Experiencias, anécdotas, historias y aconteceres ocurridos en tantos viajes darían para llenar varios tomos. Recuerdo, todavía con algo de miedo en el cuerpo, lo ocurrido un domingo en Tijuana, México, ciudad fronteriza con Estados Unidos. Hablaba yo en un templo grande, donde se congregaban unas 400 personas. En mitad de la charla veo entrar a un mejicano, puro mejicano: botas, sombrero, ropa de charro y una pistola al cinto, que acariciaba con la mano derecha. Se paseó por todo el templo mirando atentamente a las personas allí sentadas. Disimulando el susto se me ocurrió decirle: “Ya que ha dado usted la vuelta al ruedo déjeme seguir hablando”. Me miró fijamente y bramó: “Con usted no va nada”. Dos predicadores corpulentos, Rubén Medina y José Franco, lograron convencerlo y abandonó el local. Luego me explicaron que estaba algo bebido. Andaba buscando a un compadre suyo a quien quería matar vaya usted a saber por qué. Dios hizo que el compadre, miembro de la Iglesia, no estuviera allí aquél domingo. Tal vez habría corrido sangre.

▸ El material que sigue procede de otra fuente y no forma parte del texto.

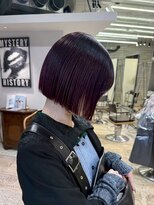 ヲタク(wotaku.)&nbsp;ボルドーカラーワインレッドカシスカラーレッドカラー暖色カラー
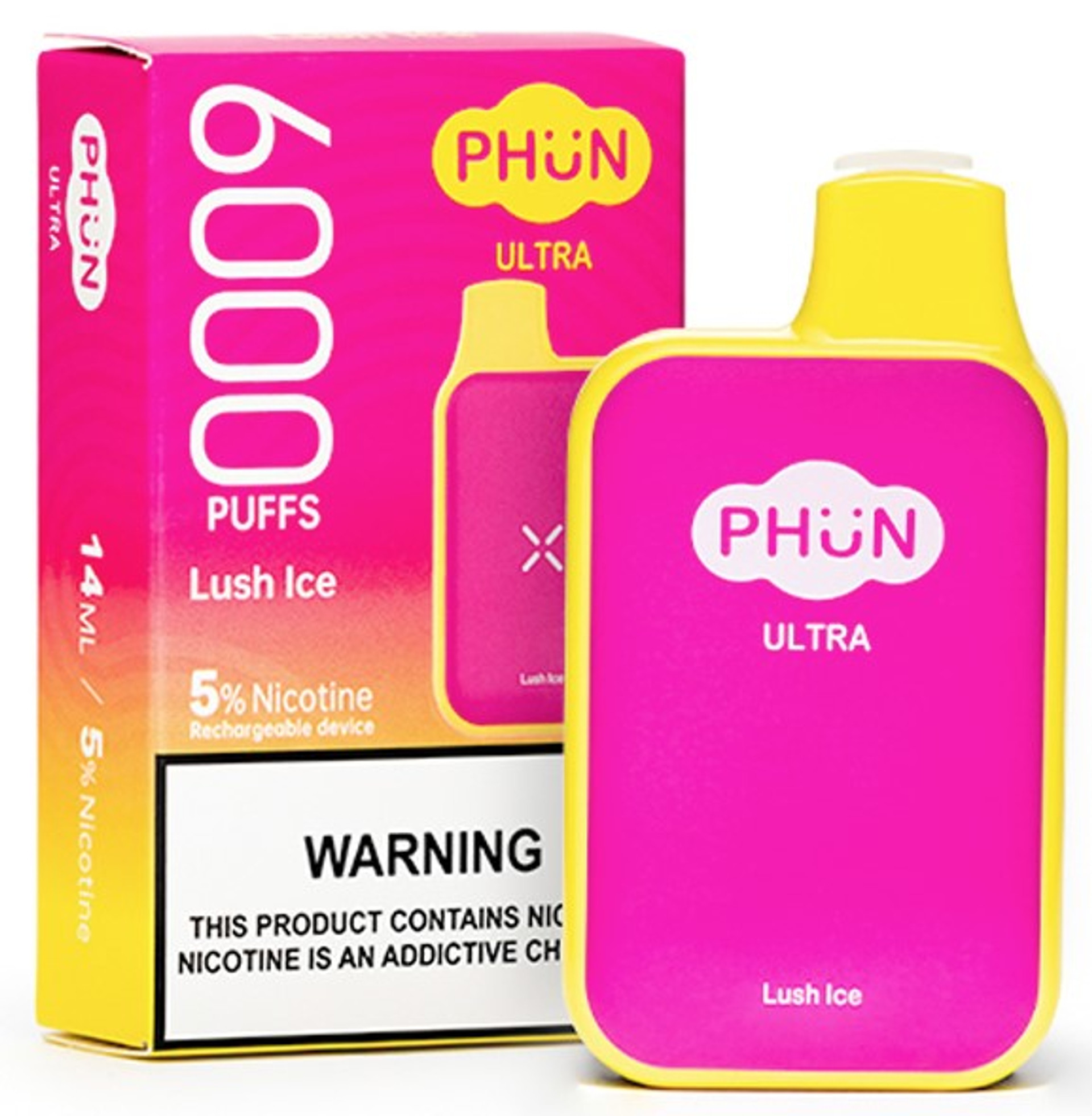 PHUN ULTRA Disposable Vape 6000Puffs PHUN ULTRA Disposable Vape 6000Puffs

El año 2006, ya transcurrido, fue especialmente intenso para mi. Prediqué ocho campañas evangelísticas en seis países de Hispanoamérica y Estados Unidos. La última fue entre el 14 y el 17 de diciembre en una ciudad no grande llamada Arcelia, en el estado de Guerrero, en México. En esta ocasión la campaña estuvo motivada por la inauguración de un edificio para la Iglesia. El sábado 16 me pidieron que hablara a los presos en la cárcel de la ciudad. Fui acompañado por José Almanza, ex presidiario, ex jefe de una mafia de la droga que operaba en México y Estados Unidos. Almanza es ahora un predicador de fuego, hombre muy consagrado, utilizado por el Señor para la conversión de centenares de personas. Expliqué la historia del carcelero de Filipos, siguiendo el relato de Pablo en Hechos 16:11-40.

Concluido mi trabajo, Almanza ofreció una invitación. Tres presos pasaron al frente. Cantamos un himno de gratitud al Señor. Finalizando la última estrofa avanzó otro hombre. Me pareció algo diferente a los tres primeros. Lo interrogué. Me dijo que era el director de la cárcel y quería ser bautizado. Le sugerí que fuera a la Iglesia al día siguiente, domingo, para hablar con tiempo y explicarle el significado de la conversión. Su respuesta me desarmó: “ Si el carcelero de Filipos que usted ha mencionado fue bautizado el mismo día que Pablo le predicó, yo también quiero ser bautizado hoy”.

José Almanza lo sumergió en las aguas de una pequeña alberca instalada en el patio de la cárcel, ante las miradas de un centenar de presos.

Al día siguiente, domingo, el director de la cárcel de Arcelia estaba sentado en el segundo banco del templo, participando del pan y el vino reservado a los creyentes.
Yo sigo a igual ritmo este año. No acepto dimitir. Hay que estar vivo hasta el final.